§ What the task requires: Could you give back exactly the lines below from the one with "シンシアローリー(Cynth" through the one with "Carte Funny Moose", without a single picture?

§ Source material:

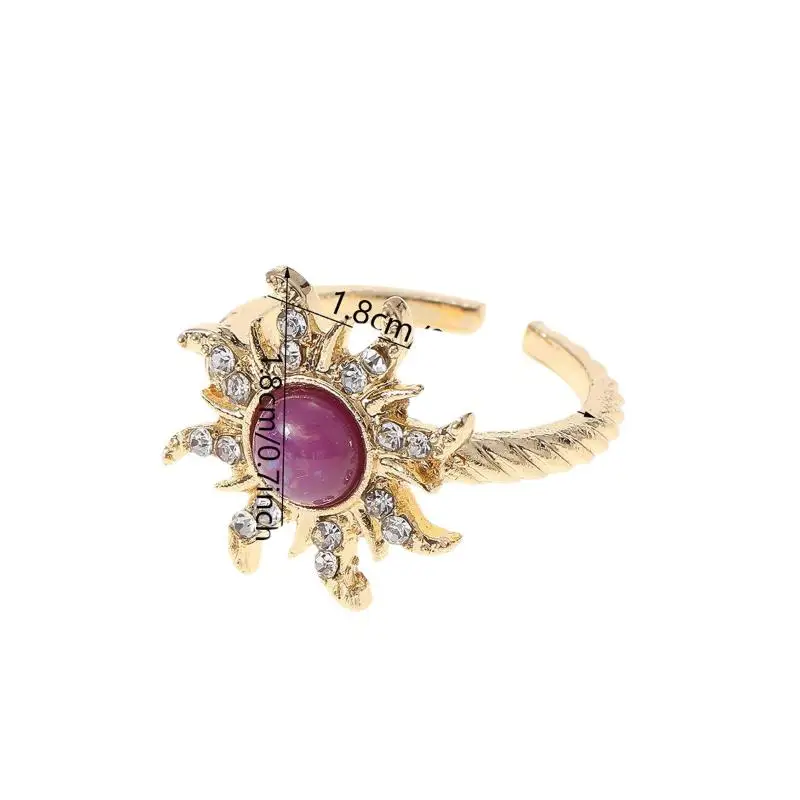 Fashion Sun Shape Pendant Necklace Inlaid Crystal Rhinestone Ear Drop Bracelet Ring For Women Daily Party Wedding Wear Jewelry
---
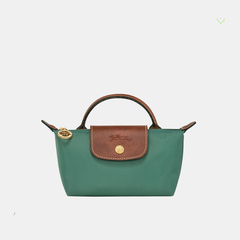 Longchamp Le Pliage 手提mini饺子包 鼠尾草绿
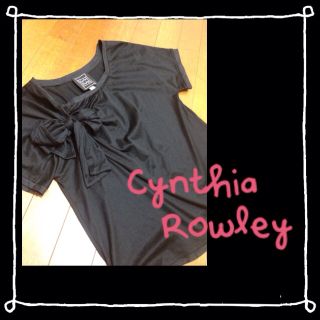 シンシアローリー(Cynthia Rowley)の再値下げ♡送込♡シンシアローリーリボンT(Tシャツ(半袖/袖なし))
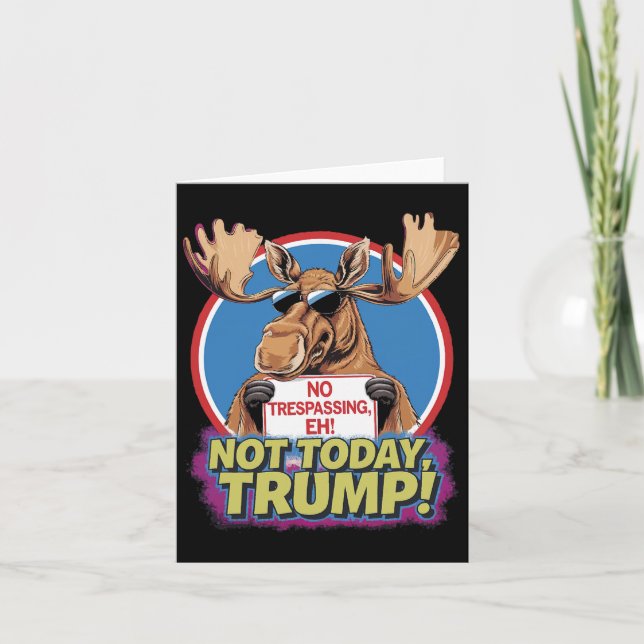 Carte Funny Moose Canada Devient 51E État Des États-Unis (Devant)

§ Response area:
 シンシアローリー(Cynthia Rowley)の再値下げ♡送込♡シンシアローリーリボンT(Tシャツ(半袖/袖なし))
 Carte Funny Moose Canada Devient 51E État Des États-Unis (Devant)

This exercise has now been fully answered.